1. There’s no income limit to worry about

Higher earners are barred from contributing directly to a Roth IRA. The income limits for doing so change every year. Currently, singles earning more than $153,000 and married couples earning more than $228,000 cannot contribute to a Roth IRA. In 2024, these limits are rising to $161,000 and $240,000, respectively.

Roth 401(k)s, on the other hand, have no income-related restrictions. So even if you’re single and earning $1 million a year, you can put money into a Roth 401(k).

2. You can put more money into a Roth 401(k)

The IRS sets annual contribution limits for IRAs and 401(k)s. And those limits don’t differ between traditional and Roth accounts. Right now, IRAs max out at $6,500 for savers under 50 and $7,500 for those 50 and over. In 2024, these limits will rise to $7,000 and $8,000, respectively.

But the contribution limits for 401(k)s are much higher.
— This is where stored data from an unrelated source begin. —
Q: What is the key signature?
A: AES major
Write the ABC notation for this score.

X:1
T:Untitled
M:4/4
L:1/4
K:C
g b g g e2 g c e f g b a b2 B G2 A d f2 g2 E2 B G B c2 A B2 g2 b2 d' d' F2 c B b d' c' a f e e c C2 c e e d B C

Right now, savers under 50 can contribute up to $22,500 to a 401(k), and those 50 and over can contribute up to $30,000. Next year, these limits are rising to $23,000 and $30,500, respectively.

It’s important to note that the money you contribute to a Roth retirement account won’t result in a near-term tax break. But the more you’re able to pump into your account, the more tax-free investment growth you have the potential to benefit from.
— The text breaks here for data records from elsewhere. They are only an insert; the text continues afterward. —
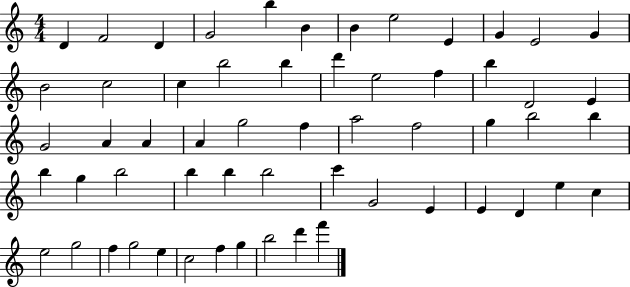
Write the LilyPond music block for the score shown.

{
  \clef treble
  \numericTimeSignature
  \time 4/4
  \key c \major
  d'4 f'2 d'4 | g'2 b''4 b'4 | b'4 e''2 e'4 | g'4 e'2 g'4 | \break b'2 c''2 | c''4 b''2 b''4 | d'''4 e''2 f''4 | b''4 d'2 e'4 | \break g'2 a'4 a'4 | a'4 g''2 f''4 | a''2 f''2 | g''4 b''2 b''4 | \break b''4 g''4 b''2 | b''4 b''4 b''2 | c'''4 g'2 e'4 | e'4 d'4 e''4 c''4 | \break e''2 g''2 | f''4 g''2 e''4 | c''2 f''4 g''4 | b''2 d'''4 f'''4 | \break \bar "|."
}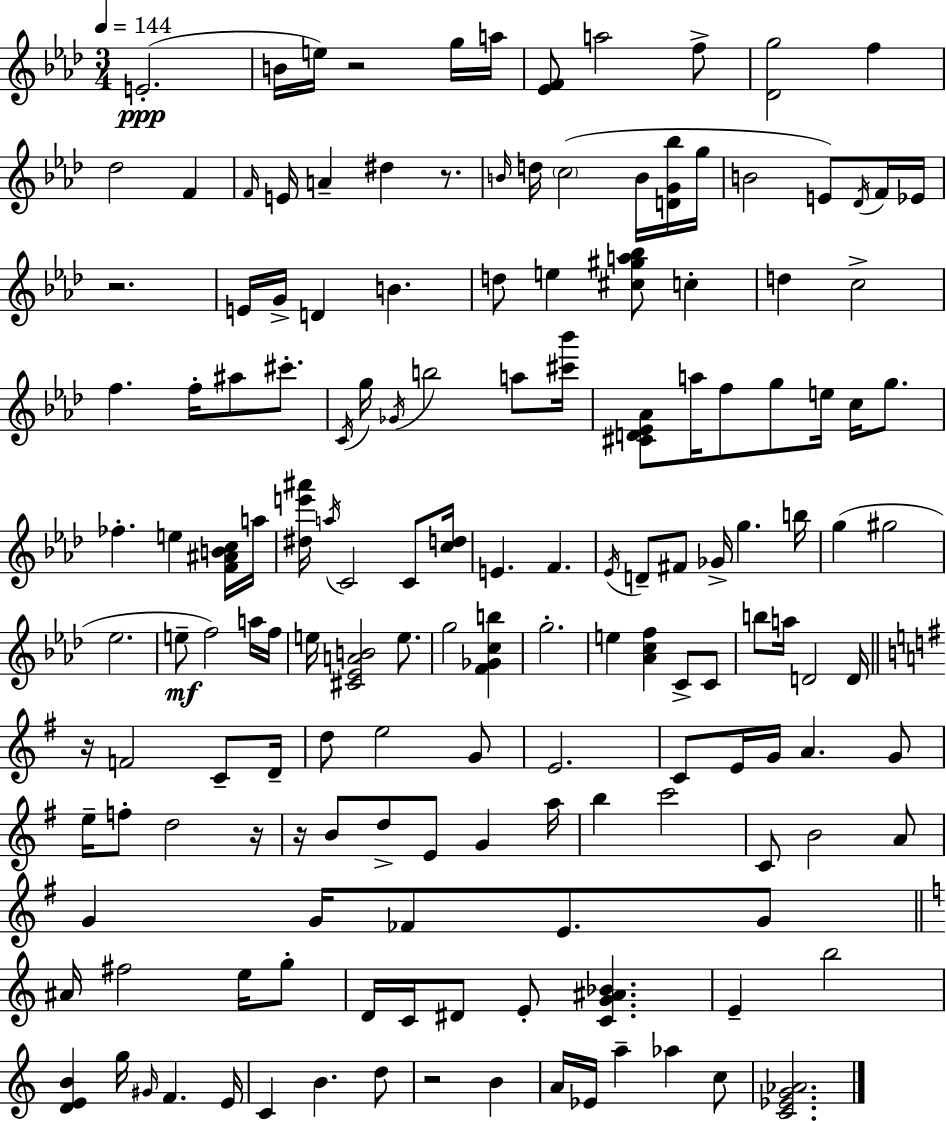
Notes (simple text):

E4/h. B4/s E5/s R/h G5/s A5/s [Eb4,F4]/e A5/h F5/e [Db4,G5]/h F5/q Db5/h F4/q F4/s E4/s A4/q D#5/q R/e. B4/s D5/s C5/h B4/s [D4,G4,Bb5]/s G5/s B4/h E4/e Db4/s F4/s Eb4/s R/h. E4/s G4/s D4/q B4/q. D5/e E5/q [C#5,G#5,A5,Bb5]/e C5/q D5/q C5/h F5/q. F5/s A#5/e C#6/e. C4/s G5/s Gb4/s B5/h A5/e [C#6,Bb6]/s [C#4,D4,Eb4,Ab4]/e A5/s F5/e G5/e E5/s C5/s G5/e. FES5/q. E5/q [F4,A#4,B4,C5]/s A5/s [D#5,E6,A#6]/s A5/s C4/h C4/e [C5,D5]/s E4/q. F4/q. Eb4/s D4/e F#4/e Gb4/s G5/q. B5/s G5/q G#5/h Eb5/h. E5/e F5/h A5/s F5/s E5/s [C#4,Eb4,A4,B4]/h E5/e. G5/h [F4,Gb4,C5,B5]/q G5/h. E5/q [Ab4,C5,F5]/q C4/e C4/e B5/e A5/s D4/h D4/s R/s F4/h C4/e D4/s D5/e E5/h G4/e E4/h. C4/e E4/s G4/s A4/q. G4/e E5/s F5/e D5/h R/s R/s B4/e D5/e E4/e G4/q A5/s B5/q C6/h C4/e B4/h A4/e G4/q G4/s FES4/e E4/e. G4/e A#4/s F#5/h E5/s G5/e D4/s C4/s D#4/e E4/e [C4,G4,A#4,Bb4]/q. E4/q B5/h [D4,E4,B4]/q G5/s G#4/s F4/q. E4/s C4/q B4/q. D5/e R/h B4/q A4/s Eb4/s A5/q Ab5/q C5/e [C4,Eb4,G4,Ab4]/h.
3. Starting in 2024, you won’t have to worry about required minimum distributions

It used to be that Roth IRAs were the only tax-advantaged retirement plan to not impose required minimum distributions, or RMDs. RMDs effectively force savers to spend down their savings in their lifetime.

Starting in 2024, though, Roth 401(k)s will stop forcing savers to take RMDs. So if you’re someone who wants the option to leave money behind for younger generations, a Roth 401(k) will soon be able to help you achieve that goal.

There are plenty of good reasons to save for retirement in a Roth IRA. And to be clear, not everyone has access to a 401(k) through a job. And even if you do, your employer’s savings plan is not guaranteed to offer a Roth option. But if you have the ability to save in a Roth 401(k), you may want to strongly consider it for all of these reasons.